When creative director Mark Gardiner decided to take a year off from his high-paying job at ad agency Muller + Company to pursue his dream of racing in the world’s oldest and most dangerous motorcycle race, it seemed like a really good idea. In his late 40s, he wanted to compete while he still could. So he quit his job, packed his bags and flew to the British Isles.
Competing in the Isle of Man TT was everything he expected it to be, but he returned home to find that landing his next creative director job was anything but easy. In turning 50, he had become invisible to ad agencies. He had aged out.
Hélène Côté, creative director at Red Cliff Marketing and the winner of multiple One Show pencils and Cannes Lions as well as an Emmy, lost similar ground when she left her creative director position in her 50s to care for her aging mother. When she was ready to take back the reins, she found that agencies weren’t willing to hand them over.

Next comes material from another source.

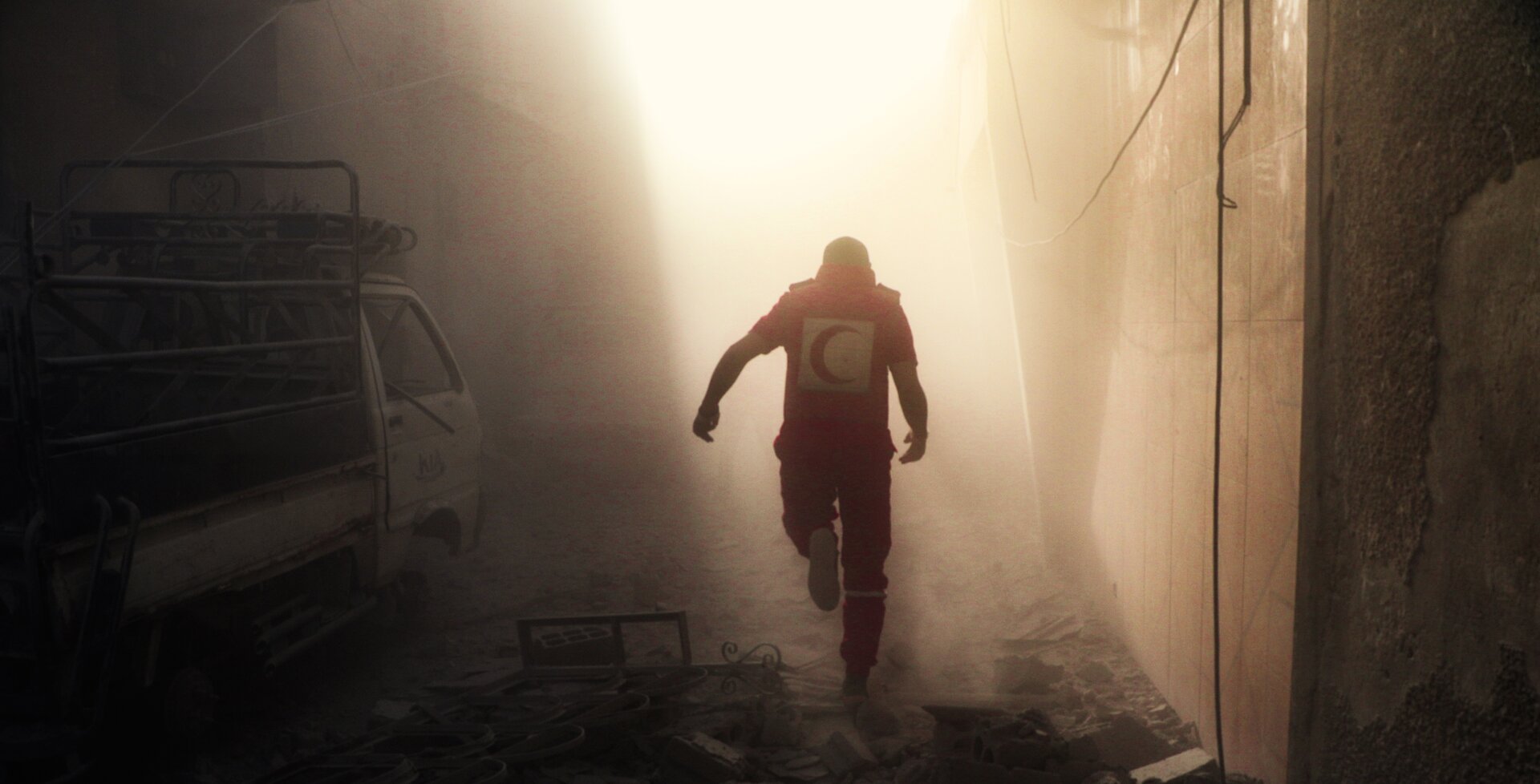 Humanitarian running through debris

“Nobody ever says, ‘Hey, you’ve turned 50, we’re laying you off because you’re too old’—they’d be opening themselves to a massive discrimination suit,” says Gardiner. “But they find ways to get rid of you. And once you’re on the outside, they find ways to not let you back in.”

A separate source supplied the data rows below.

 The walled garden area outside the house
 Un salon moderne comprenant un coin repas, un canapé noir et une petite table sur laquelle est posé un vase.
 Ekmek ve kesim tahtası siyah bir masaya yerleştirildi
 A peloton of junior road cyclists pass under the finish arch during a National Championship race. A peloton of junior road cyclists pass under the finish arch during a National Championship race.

Advertising may be a glamorous and hip industry to work in, but it’s youth-obsessed. The United States Bureau of Labor Statistics shows that more than 59 percent of employees in the ad industry are between the age of 25 and 44 years old, with the median age being 38. And the Institute of Practitioners in Advertising in the United Kingdom says only 4 percent of employees in its member agencies are over 50.

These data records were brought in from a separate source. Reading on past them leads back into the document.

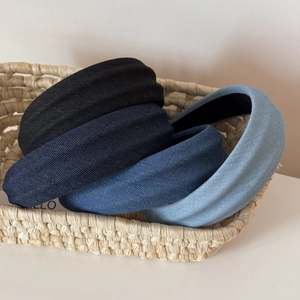 Three padded denim headbands in black and blue colors inside a straw basket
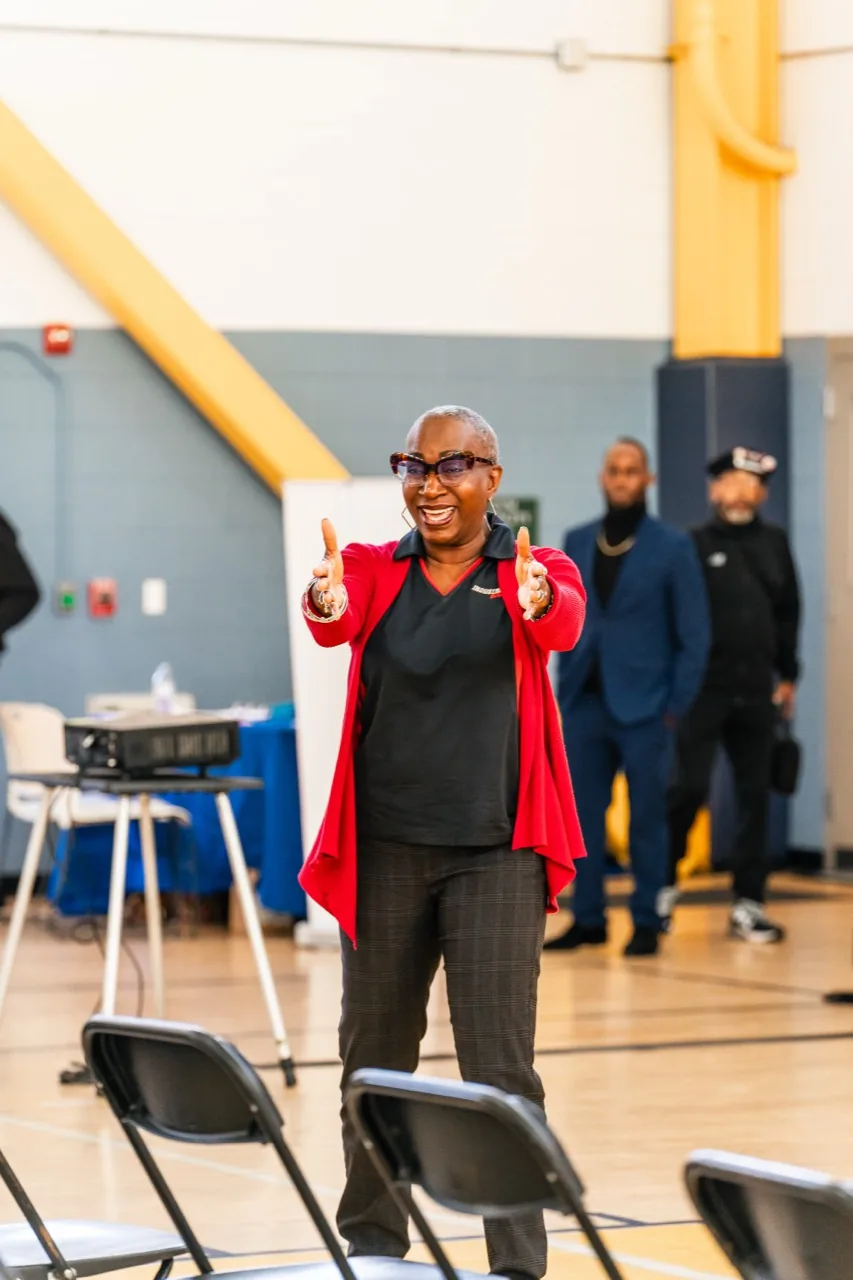 Presenter engaging attendees during a community workshop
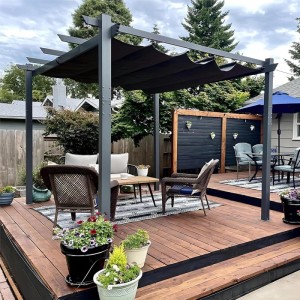 Dunkelgraue Aluminium Pergola mit schwarzem Schiebedach auf Holzterrasse. Bietet Sonnenschutz für Outdoor-Sitzbereich im Garten.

The bigger the agency, the more pronounced the ageism. All you have to do is look at the photos of ad teams in Adweek, notes Gardiner, and you’ll see that every face is young and fresh. It’s obvious, yet remains a taboo subject few are willing to talk about openly.
An independent headhunter who recruits talent for several top agencies offered this: “Advertising is a very ageist industry—more so than any other, next to entertainment. I get so many candidates with amazing histories and fabulous pedigrees, and I feel bad, because I can’t help them. Clients are always looking for that young, sexy, engaging, creative person to pitch new business, not someone who looks like they could be the CMO at Sears.”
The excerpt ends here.